Alabama Public Radio used an innovative journalism strategy to resolve a “news desert” along the State’s Gulf coast. APR is a five-station statewide network with its news operation headquartered in Tuscaloosa. The demise of the Mobile Press Register newspaper left the region with only commercial TV news and little access to in-depth or investigative journalism.
APR’s effort to better address this issue started in April of 2019 with a dialog with fellow Robert F. Kennedy Journalism Award winner J.D. Crowe, a Mobile area political cartoonist. We networked with him to find print journalists along the coast who would be interested in being trained and equipped by APR to produce radio stories for statewide broadcast.
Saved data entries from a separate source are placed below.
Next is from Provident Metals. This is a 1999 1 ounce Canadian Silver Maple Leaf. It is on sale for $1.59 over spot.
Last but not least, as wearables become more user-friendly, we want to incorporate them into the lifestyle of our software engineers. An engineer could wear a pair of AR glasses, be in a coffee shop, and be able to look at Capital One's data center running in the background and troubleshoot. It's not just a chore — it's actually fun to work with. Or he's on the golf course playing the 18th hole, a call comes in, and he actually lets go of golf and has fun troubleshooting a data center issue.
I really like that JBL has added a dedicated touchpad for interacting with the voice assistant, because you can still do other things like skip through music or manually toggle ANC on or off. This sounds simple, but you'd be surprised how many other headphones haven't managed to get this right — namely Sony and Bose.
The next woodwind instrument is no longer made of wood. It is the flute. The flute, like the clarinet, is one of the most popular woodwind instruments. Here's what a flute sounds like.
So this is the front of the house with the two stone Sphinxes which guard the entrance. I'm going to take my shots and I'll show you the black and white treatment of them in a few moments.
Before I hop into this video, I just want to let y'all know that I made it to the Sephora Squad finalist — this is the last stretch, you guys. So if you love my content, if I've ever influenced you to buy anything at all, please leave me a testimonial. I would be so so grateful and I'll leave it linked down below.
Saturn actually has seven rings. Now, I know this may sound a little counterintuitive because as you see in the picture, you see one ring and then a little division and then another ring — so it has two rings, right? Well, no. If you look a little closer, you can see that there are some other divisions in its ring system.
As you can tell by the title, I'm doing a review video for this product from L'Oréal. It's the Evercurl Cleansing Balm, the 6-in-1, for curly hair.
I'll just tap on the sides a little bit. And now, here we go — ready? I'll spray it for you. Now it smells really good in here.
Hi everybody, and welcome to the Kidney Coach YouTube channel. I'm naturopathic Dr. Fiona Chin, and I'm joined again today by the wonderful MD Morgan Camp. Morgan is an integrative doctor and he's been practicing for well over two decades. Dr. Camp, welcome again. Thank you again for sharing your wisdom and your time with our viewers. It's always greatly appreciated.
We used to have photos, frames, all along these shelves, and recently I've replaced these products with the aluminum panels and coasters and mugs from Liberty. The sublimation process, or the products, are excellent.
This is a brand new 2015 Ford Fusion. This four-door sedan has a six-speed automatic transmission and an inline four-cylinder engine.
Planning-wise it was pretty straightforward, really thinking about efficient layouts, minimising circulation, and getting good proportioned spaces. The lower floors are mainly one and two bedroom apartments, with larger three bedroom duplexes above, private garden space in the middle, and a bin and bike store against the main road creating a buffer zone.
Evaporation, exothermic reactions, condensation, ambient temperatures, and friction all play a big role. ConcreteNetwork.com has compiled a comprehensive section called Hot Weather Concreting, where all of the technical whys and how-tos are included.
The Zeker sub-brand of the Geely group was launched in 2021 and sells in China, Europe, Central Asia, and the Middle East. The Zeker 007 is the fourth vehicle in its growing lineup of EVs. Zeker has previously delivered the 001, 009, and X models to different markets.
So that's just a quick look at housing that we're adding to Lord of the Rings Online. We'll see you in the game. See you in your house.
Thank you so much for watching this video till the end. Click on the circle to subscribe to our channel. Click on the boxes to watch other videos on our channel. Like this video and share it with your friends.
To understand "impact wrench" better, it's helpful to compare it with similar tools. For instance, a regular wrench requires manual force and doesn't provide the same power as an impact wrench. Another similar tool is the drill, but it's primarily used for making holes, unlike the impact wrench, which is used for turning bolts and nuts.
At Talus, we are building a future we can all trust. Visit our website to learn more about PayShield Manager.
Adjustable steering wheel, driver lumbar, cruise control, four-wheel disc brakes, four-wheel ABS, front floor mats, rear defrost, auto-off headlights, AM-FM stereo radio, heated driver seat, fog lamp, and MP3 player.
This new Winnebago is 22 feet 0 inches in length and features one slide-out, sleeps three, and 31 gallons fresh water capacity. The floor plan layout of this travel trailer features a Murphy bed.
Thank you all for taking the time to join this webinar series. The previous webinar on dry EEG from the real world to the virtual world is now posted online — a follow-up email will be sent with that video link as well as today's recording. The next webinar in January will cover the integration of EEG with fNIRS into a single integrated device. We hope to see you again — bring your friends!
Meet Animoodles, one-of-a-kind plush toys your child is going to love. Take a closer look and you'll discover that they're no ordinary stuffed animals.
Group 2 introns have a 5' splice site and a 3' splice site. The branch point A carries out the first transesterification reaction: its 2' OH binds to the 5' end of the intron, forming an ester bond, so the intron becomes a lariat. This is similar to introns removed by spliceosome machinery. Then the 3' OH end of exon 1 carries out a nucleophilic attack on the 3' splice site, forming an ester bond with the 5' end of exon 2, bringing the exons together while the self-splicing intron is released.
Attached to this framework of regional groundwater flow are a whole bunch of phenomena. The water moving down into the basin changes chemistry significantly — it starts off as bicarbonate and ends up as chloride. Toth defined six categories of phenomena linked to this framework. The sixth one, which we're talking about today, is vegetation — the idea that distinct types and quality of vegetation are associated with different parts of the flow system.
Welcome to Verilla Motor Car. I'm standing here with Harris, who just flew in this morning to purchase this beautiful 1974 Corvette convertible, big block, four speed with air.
News director Pat Duggins commuted to Mobile with recording equipment for each reporter.
These veteran storytellers were trained on how to gather audio interviews and ambient background sound, and how to translate their years of print journalism experience into creating content “for the ear.” This unique reporting team produced over twenty radio features during the first six months of the coronavirus outbreak in Alabama. That was when Mobile County led the state in COVID-19 cases and deaths. Their stories included people left homeless for the first time ever due to the pandemic and first-time visitors seeking assistance from charity food pantries. Another feature focused on how public health officials fought the coronavirus in Mobile in the same building used during the 1918 Spanish Flu outbreak.
APR’s Gulf coast team addressed the rise in mental health issues and alcoholism in Mobile County due to the coronavirus a month before the issue gained traction nationally.